_Task details_
Among the records below, find the line that has "a table with flowers and candles on it"; from there, give the lines again exactly, and stop after the line that has "Slide: The Image".

_Records supplied_
☆ ☆ ☆
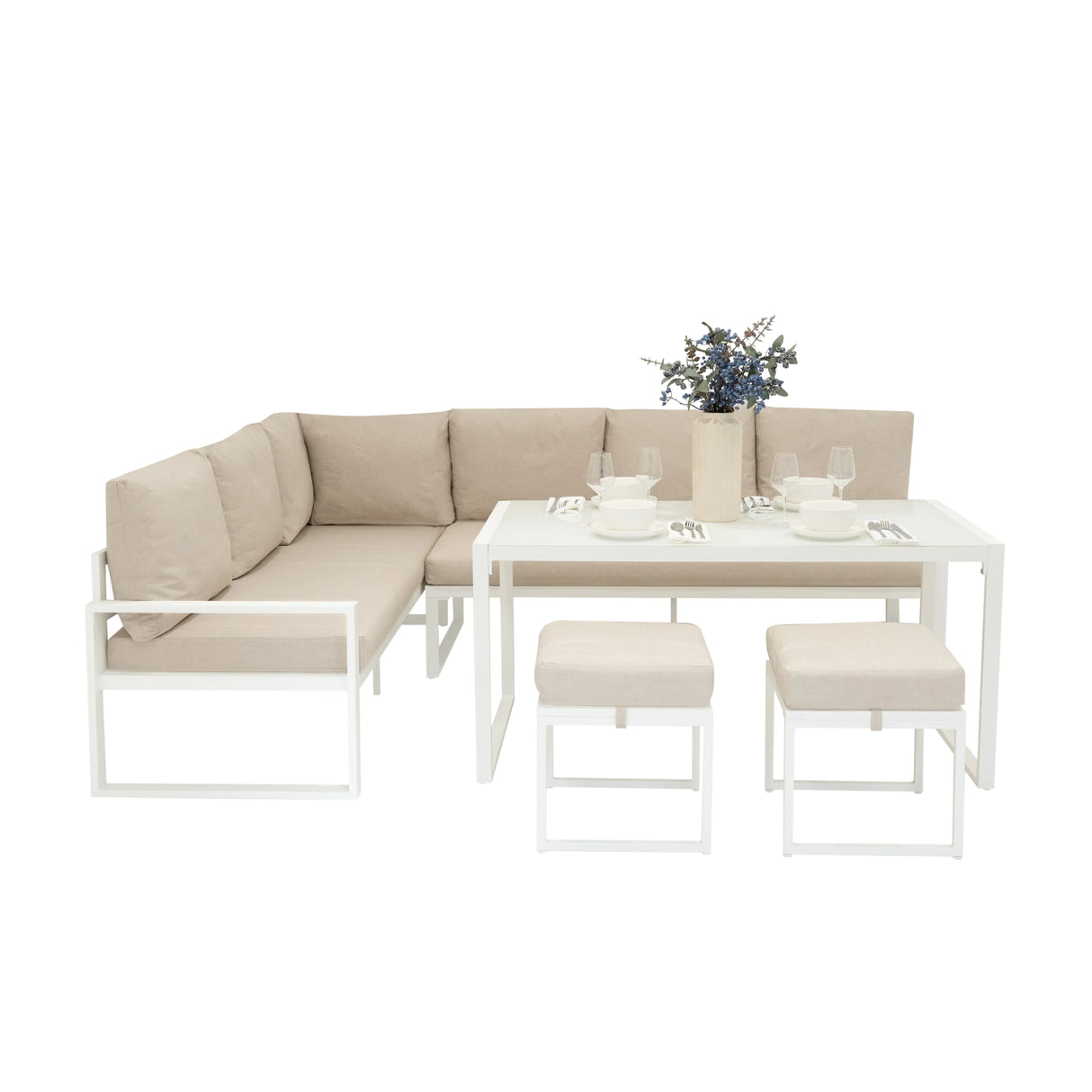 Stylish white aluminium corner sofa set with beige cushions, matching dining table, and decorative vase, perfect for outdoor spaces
☆ ☆ ☆
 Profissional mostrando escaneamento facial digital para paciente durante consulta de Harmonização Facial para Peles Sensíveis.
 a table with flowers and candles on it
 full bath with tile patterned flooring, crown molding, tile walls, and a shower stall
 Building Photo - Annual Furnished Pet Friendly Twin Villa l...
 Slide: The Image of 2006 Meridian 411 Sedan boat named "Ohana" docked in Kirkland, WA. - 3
☆ ☆ ☆
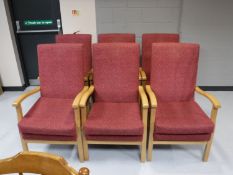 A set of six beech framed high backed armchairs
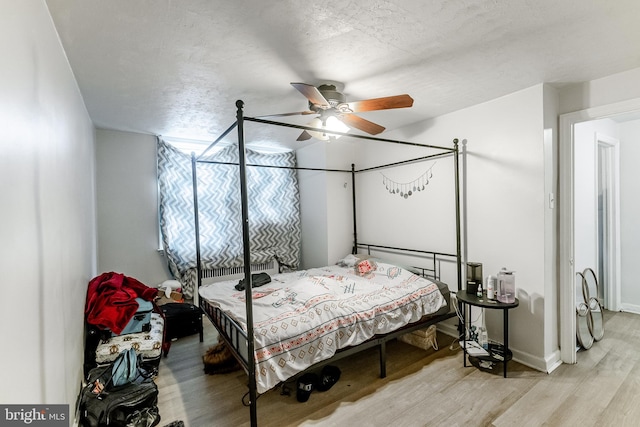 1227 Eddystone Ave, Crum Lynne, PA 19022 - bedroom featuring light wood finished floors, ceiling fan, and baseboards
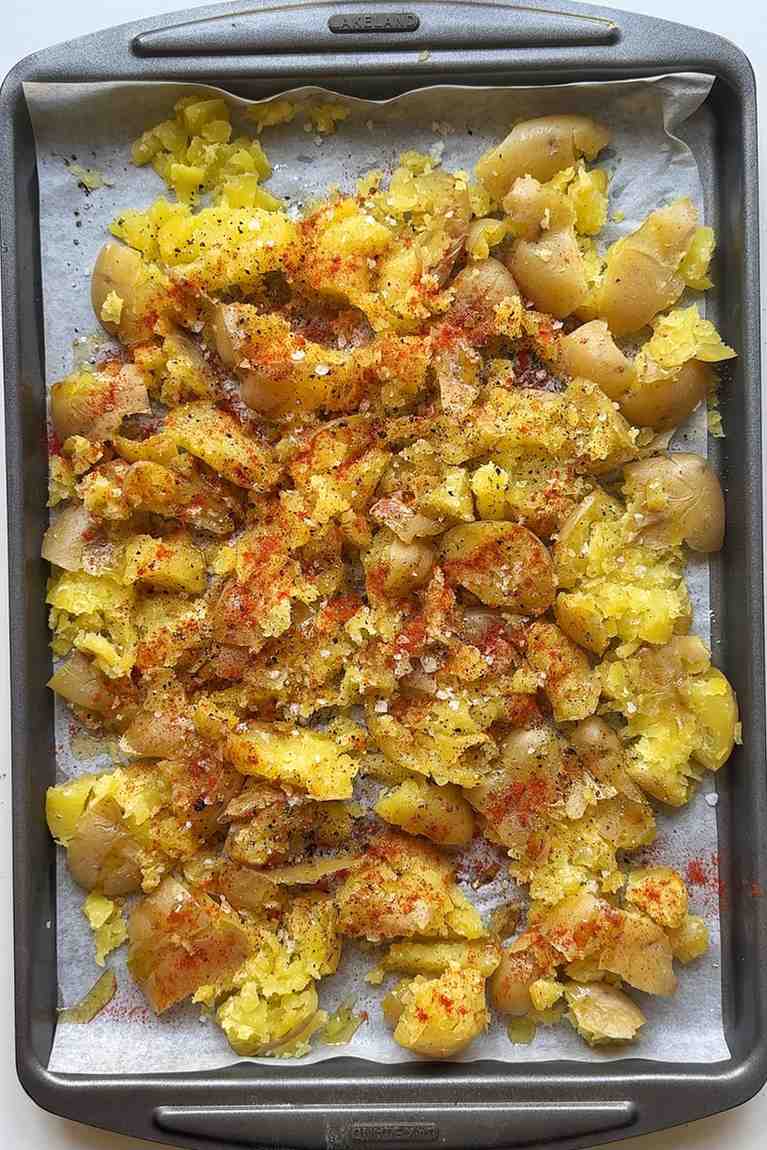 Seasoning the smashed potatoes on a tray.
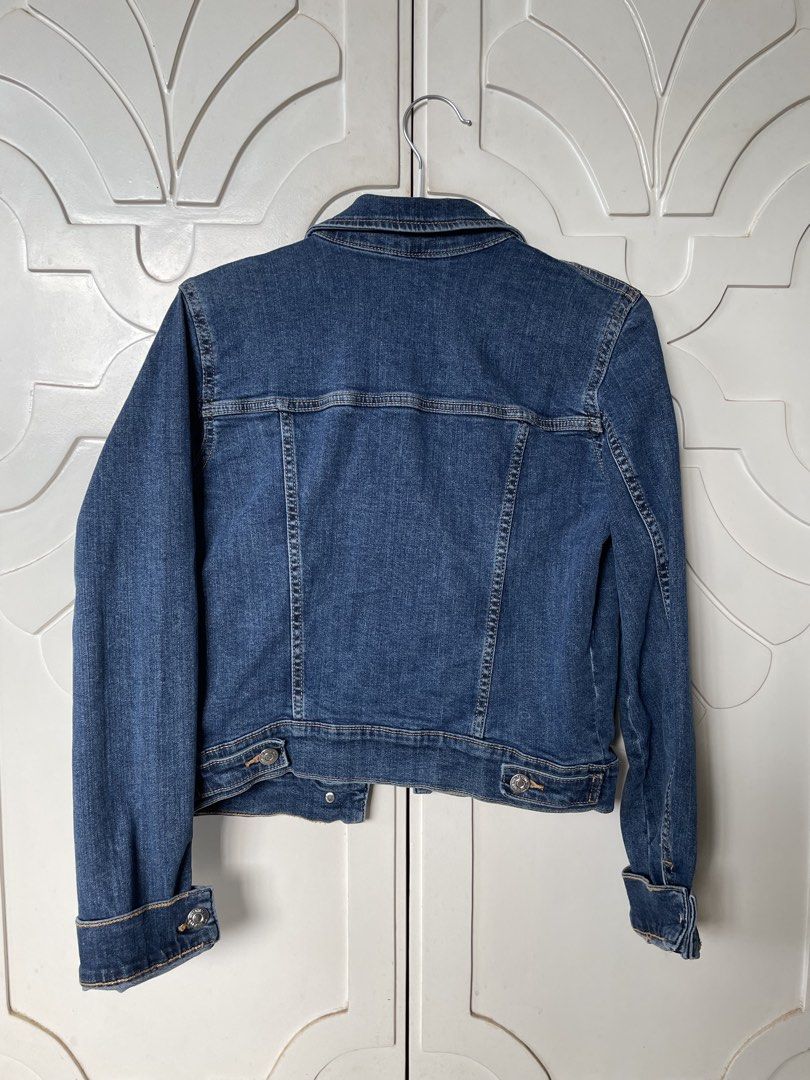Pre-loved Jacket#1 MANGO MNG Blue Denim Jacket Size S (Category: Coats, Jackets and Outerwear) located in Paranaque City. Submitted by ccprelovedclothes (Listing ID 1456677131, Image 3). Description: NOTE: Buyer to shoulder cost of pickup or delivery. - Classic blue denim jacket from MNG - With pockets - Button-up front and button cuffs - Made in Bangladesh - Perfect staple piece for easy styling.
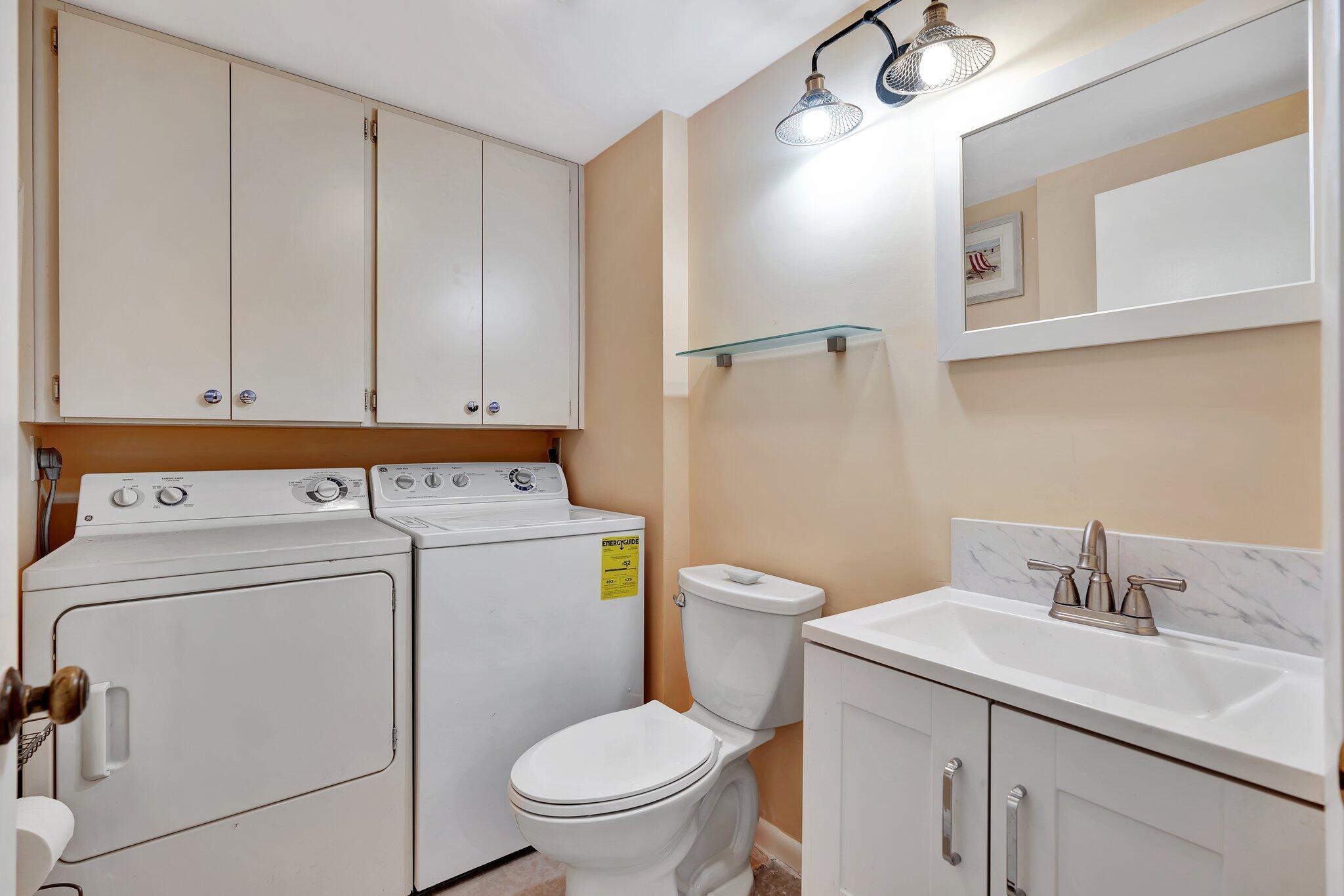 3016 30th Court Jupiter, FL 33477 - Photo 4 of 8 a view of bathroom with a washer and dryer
☆ ☆ ☆
_Answer to this problem_
 a table with flowers and candles on it
 full bath with tile patterned flooring, crown molding, tile walls, and a shower stall
 Building Photo - Annual Furnished Pet Friendly Twin Villa l...
 Slide: The Image of 2006 Meridian 411 Sedan boat named "Ohana" docked in Kirkland, WA. - 3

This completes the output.